* _What the exercise asks_
Apart from the pictures, every part of the records below gets retyped exactly.

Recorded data
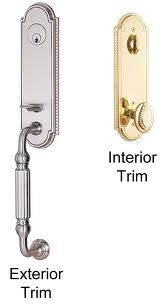New York, Business, Arlington Affordable Locksmith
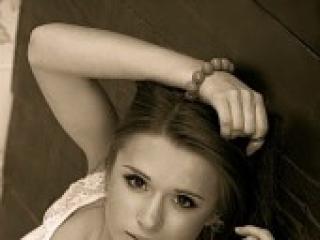 Erotinis vaizdo pokalbis gera5night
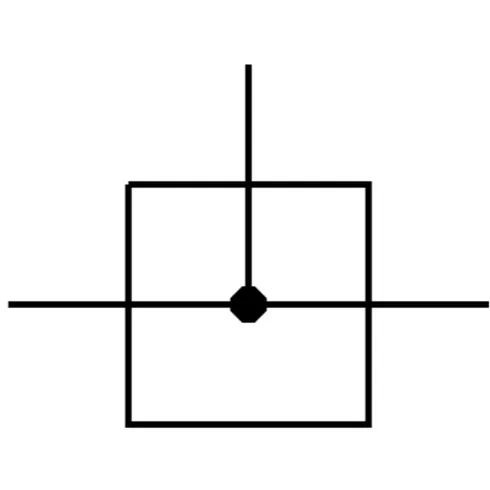 Коллектор Festo FRZ-D-MICRO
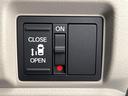 Ｎ－ＢＯＸ ベースグレード　届出済み未使用車　電動スライドドア　衝突軽減装置　アデプティブクルーズコントロール　スマートキー　オートライト　ＬＥＤヘッドライト　レーンアシスト　クリアランスソナー　オートマチックハイビーム（3枚目）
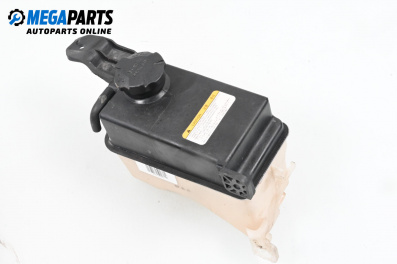 Coolant reservoir for Hyundai Santa Fe II SUV (10.2005 - 12.2012) 2.2 CRDi GLS 4x4, 150 hp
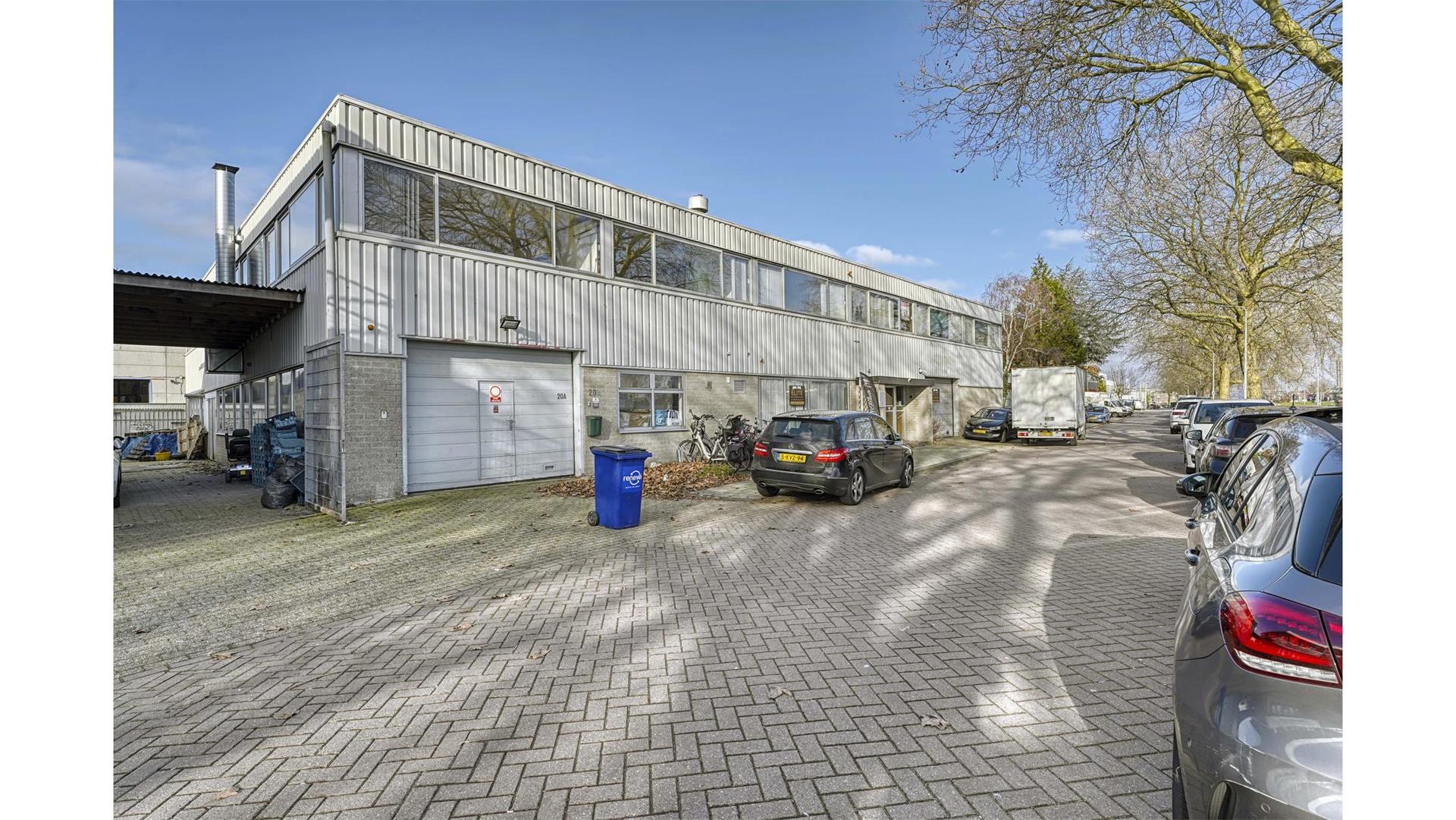 Ventu afbeelding 145813237.jpg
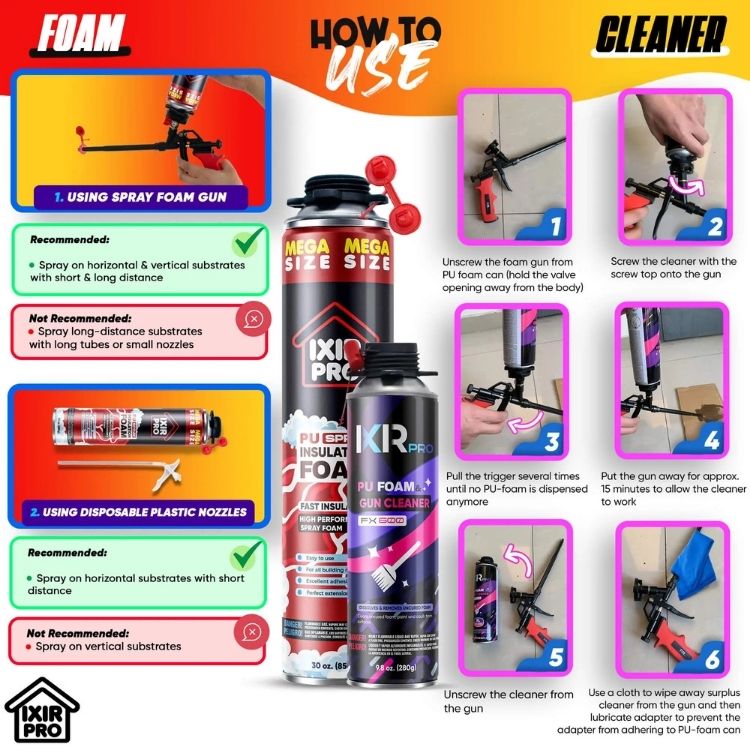 # 216 Pcs (12 Boxes x 18 Pack)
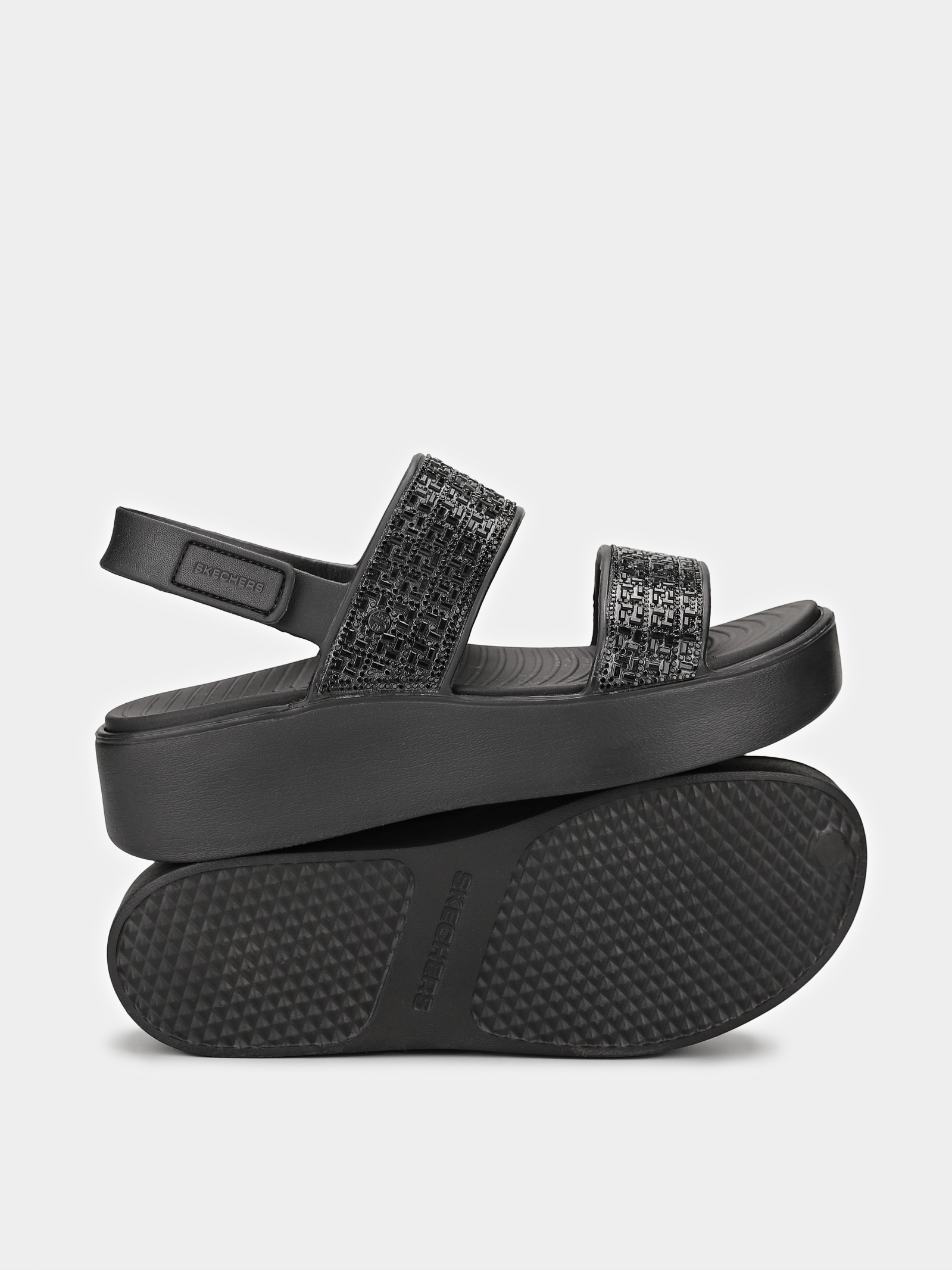 Сандалії Жіночі Skechers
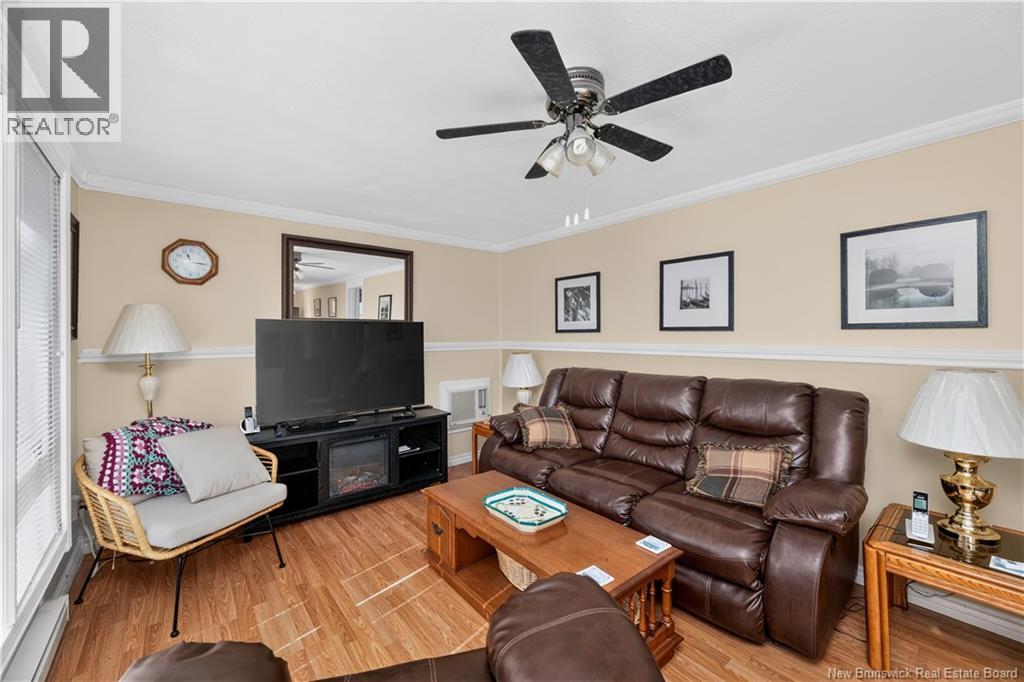 23 Clover Lane - 18
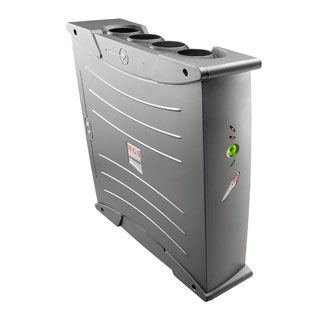 Mge - Ellipse ASR 750U, cliquez pour agrandir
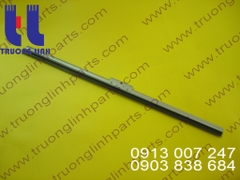 WIPER BLADE For Crane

* _Exercise result_
New York, Business, Arlington Affordable Locksmith
 Erotinis vaizdo pokalbis gera5night
 Коллектор Festo FRZ-D-MICRO
 Ｎ－ＢＯＸ ベースグレード　届出済み未使用車　電動スライドドア　衝突軽減装置　アデプティブクルーズコントロール　スマートキー　オートライト　ＬＥＤヘッドライト　レーンアシスト　クリアランスソナー　オートマチックハイビーム（3枚目）
 Coolant reservoir for Hyundai Santa Fe II SUV (10.2005 - 12.2012) 2.2 CRDi GLS 4x4, 150 hp
 Ventu afbeelding 145813237.jpg
 # 216 Pcs (12 Boxes x 18 Pack)
 Сандалії Жіночі Skechers
 23 Clover Lane - 18
 Mge - Ellipse ASR 750U, cliquez pour agrandir
 WIPER BLADE For Crane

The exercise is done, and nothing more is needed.